• Task statement:
Keeping every word the same, give again only the lines from the one with "image for item" through the end of the data, both included, and leave every picture out.

• Information supplied:
Start of Block

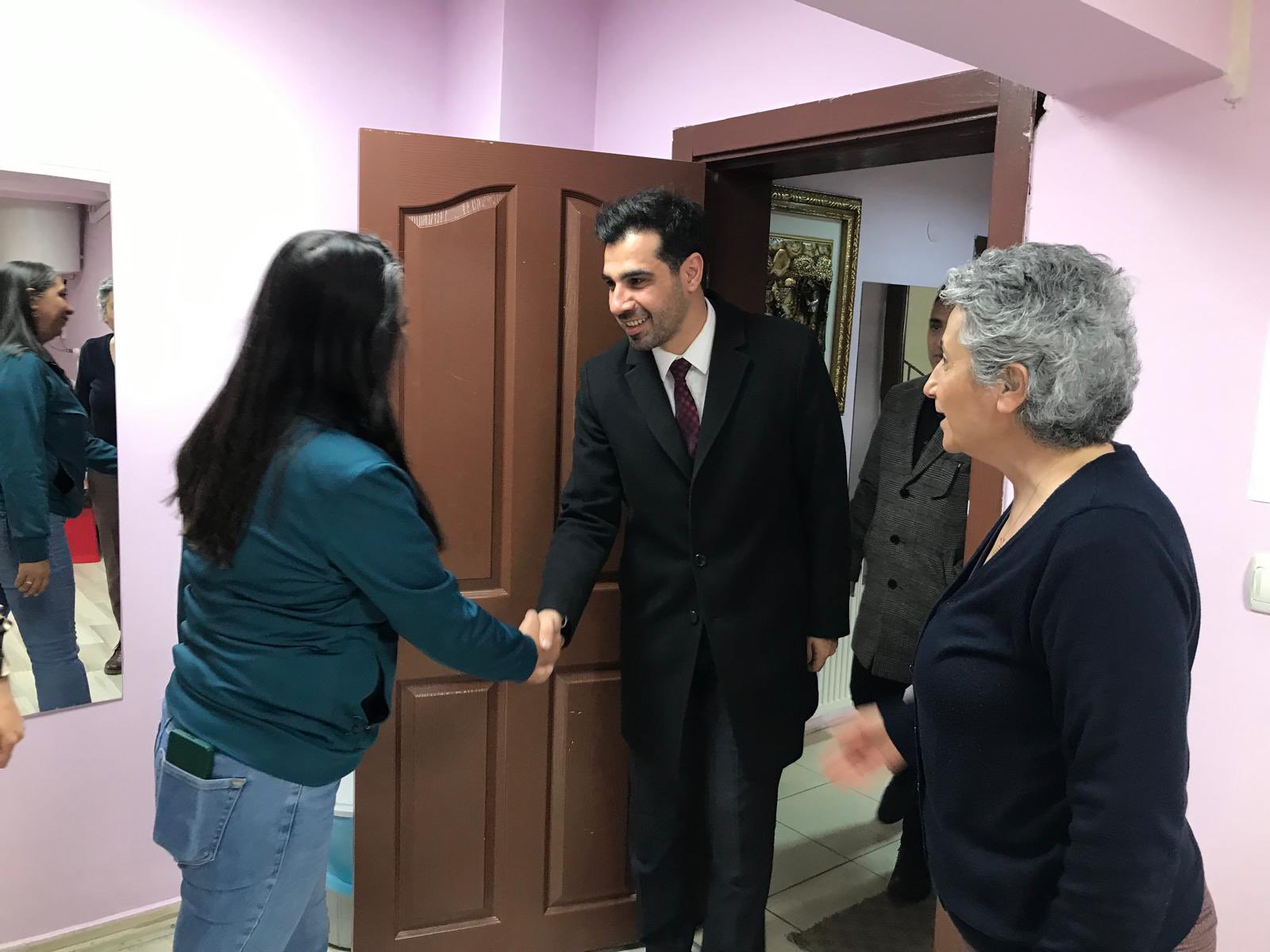 İl Müdürümüz Hüseyin Okan, Sosyal Yardımlaşma ve Dayanışma Vakfı Müdürü Eylem Mut ile birlikte  Aile Destek Merkezi’ne ziyarette bulunmuştur.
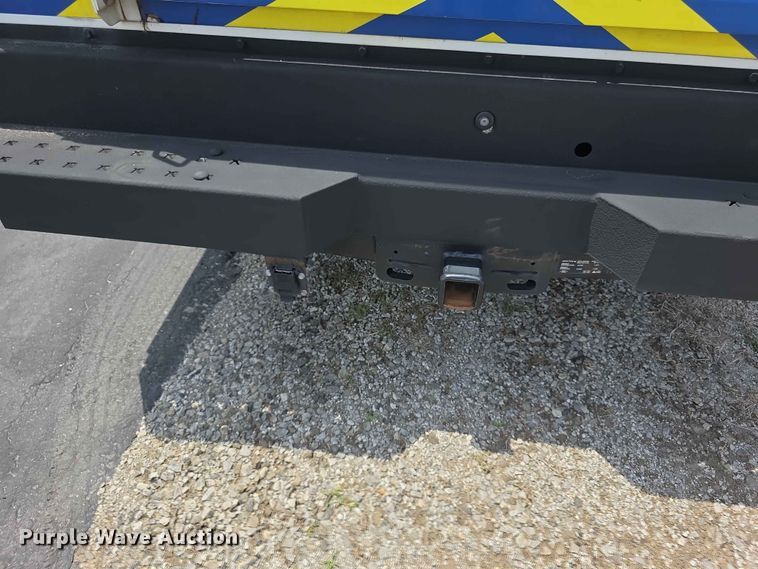 image for item FH6069 2020 Ford F250 Super Duty  Crew Cab utility bed pickup truck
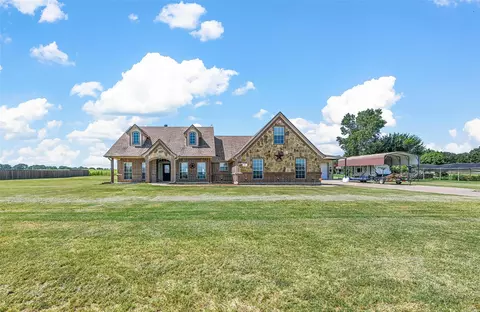 133 Williamsburg Ln, Springtown, TX 76082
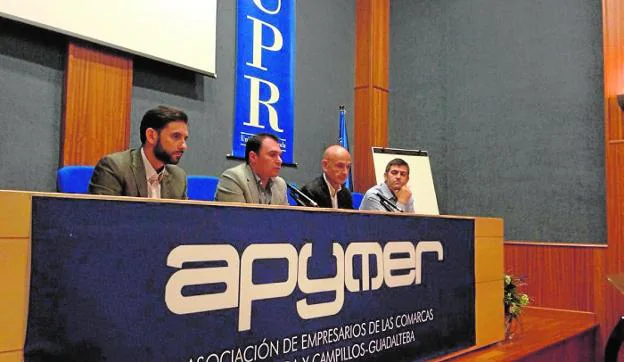 Apymer acogió una reunión sobre la nueva convocatoria de ayudas.  v. m.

End of Block

• Response area:
 image for item FH6069 2020 Ford F250 Super Duty  Crew Cab utility bed pickup truck
 133 Williamsburg Ln, Springtown, TX 76082
 Apymer acogió una reunión sobre la nueva convocatoria de ayudas.  v. m.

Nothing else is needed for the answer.